Na turbulenta política britânica, não seria a primeira vez, e provavelmente não será a última, que deputados são ameaçados pelos seus líderes. De certa forma, nos bastidores, andar procura de esqueletos nos armários dos outros para usar como moeda de troca é descrito como sendo parte do trabalho. Aliás, o cargo de chefe de bancada parlamentar, responsável por manter os deputados na linha, a votar com os seus partidos, até é sugestivamente chamado de whip, ou ‘chicote’, em inglês.
«Se eu fizesse queixa cada vez que fui ameaçado por um whip, ou se um whip fizesse queixa sempre que o ameacei, a polícia não teria tempo para conduzir qualquer outro trabalho policial», troçou no Twitter o deputado conservador Michael Fabricant, um dos mais sonoros defensores de Johnson.

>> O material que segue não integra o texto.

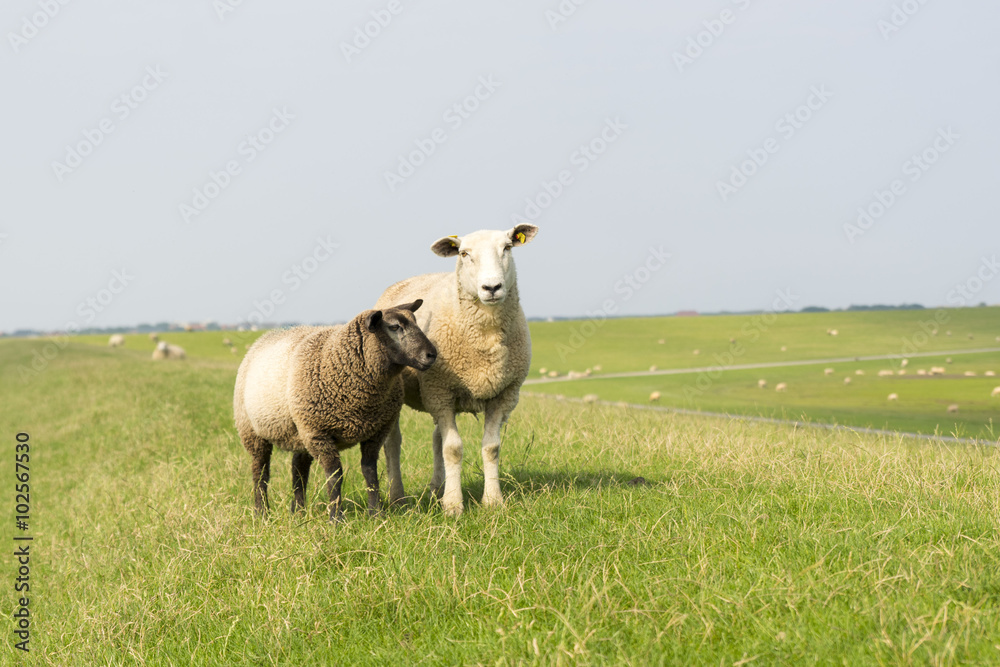 Obraz premium Schaf mit Lamm auf dem Deich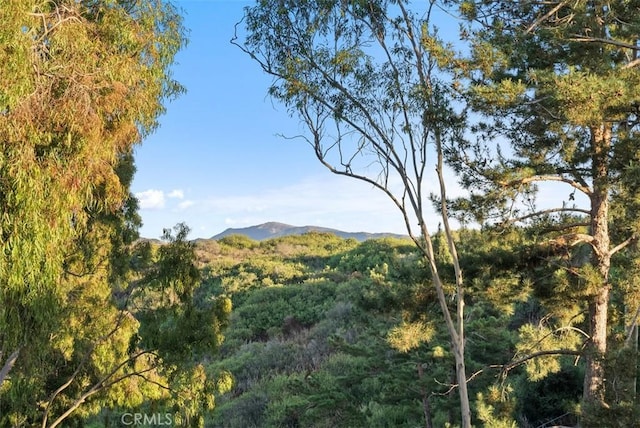 property view of mountains featuring a view of trees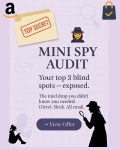Mini Spy Audit for Amazon Supplement Brands — Email-Only Q4 Market Snapshot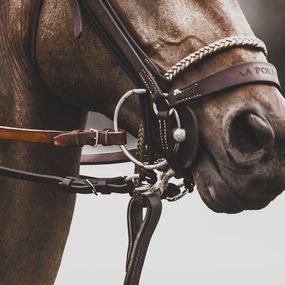 Fotografien, Horse & Bridle, Amrita Bilimoria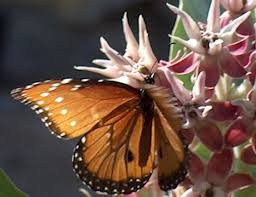queen butterfly pictures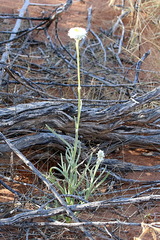 Polycalymma stuartii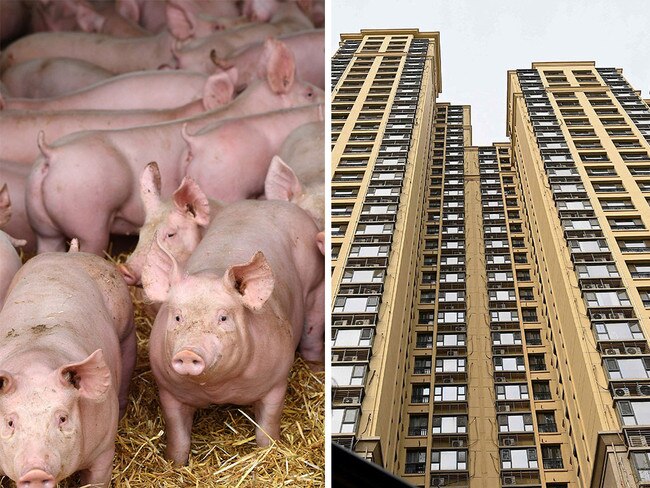 Pig skyscraper plan for China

Contudo, desta vez a pressão sobre deputados conservadores está a ser a uma escala diferente do habitual. O principal alvo parecem ser conservadores eleitos na ‘muralha vermelha’, tradicionais bastiões dos trabalhistas em regiões mais pobres no norte do país, que Johnson conquistou nas eleições de 2019. Foram os primeiros a virar-se contra este, estando em círculos eleitorais inseguros e vendo a sua reeleição em risco devido à impopularidade de Johnson.
«O meu círculo eleitoral precisa deste dinheiro», explicou um dos deputados conservadores pressionados ao Guardian. «Eles não usaram este tipo de alavancagem antes», admitiu.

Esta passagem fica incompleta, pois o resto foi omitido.